A Negro Celebrates the Genocide of the English People

Diversity Macht Frei
July 13, 2016

The poet John Betjeman earned popular acclaim and elite disdain by committing the cardinal crime of writing poetry that rhymed and made sense. In the documentary Metroland (shown below), he celebrated the minor rituals of Englishness, still preserved in the suburbs even as the inner cities fell to the immigrant hordes.

Now negro Hugh Muir celebrates the fact that brown people are assaulting the occupying the last redoubts of Englishness.

In post-referendum Britain we have seen sudden waves of intolerance. Eastern Europeans told to go home. A BBC reporter branded a “Paki” in the English town where she was born. An African-American on a bus told by fellow passengers to go back to Africa. This is distressing. But underneath, there is something more encouraging; the quiet riptide of communities adapting to significant, structural change.

John Betjeman would have spotted it immediately, for it is via the former poet laureate and his celebrated 1973 BBC documentary Metroland that the traditional perception of the English suburbs has been formed. On a gentle jaunt, in his gentle way, he described communities stretching from Neasden in north-west London all the way to the Chiltern Hills, along the path of the Metropolitan underground line. Betjeman’s suburbia spoke of cricket pitches, golf clubs, women’s institutes and verdant farmland: a new life for indigenous Britons at arm’s length from the bustle and smoke of London.

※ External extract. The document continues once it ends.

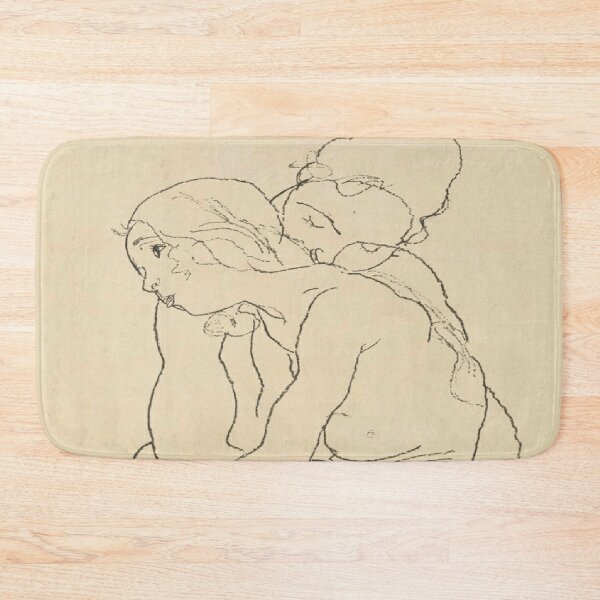 Item preview, Egon Schiele - Woman and Girl Embracing designed and sold by Vivanne-art.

But that journey retraced, as I have been doing for a BBC radio documentary, reveals a very different Metroland. “Funereal from Harrow draws the train,” wrote Betjeman. “On, on northwestwards, London far away.” Harrow then, according to the 1971 census, had an Asian population of about 8,000 from a total population of 200,000. A further 1,500 settled there after Idi Amin’s mass expulsions from Uganda in 1972. Today, 31% of the residents there describe themselves as white-British; 69% are ethnic minorities. Betjeman’s Pinner, where he saw “sepia views of leafy lanes”, is much changed too. In 1971 there were fewer than 1,000 visible minorities. Pinner’s population of 19,000 is now 38% ethnic minority.

Were Betjeman able to take other routes from other cities into other suburbs, he would encounter the same phenomenon. Analysis by thinktank Demos suggests that just 800 from 8,850 council wards in England and Wales now have a 98% white population.

White Britons are expected to account for 70% of the UK’s population by 2061, with the ethnic minority population 30%.

One can’t be Pollyannaish about this, as alongside black flight, demographers detect an extension of white flight. Minorities move out; many white Britons move out even further. But perhaps there is a natural filtering system at play, and perhaps that’s for the best. Those who can be comfortable with a changing Britain embrace it or make the best of it. Those who can’t just pack up and leave.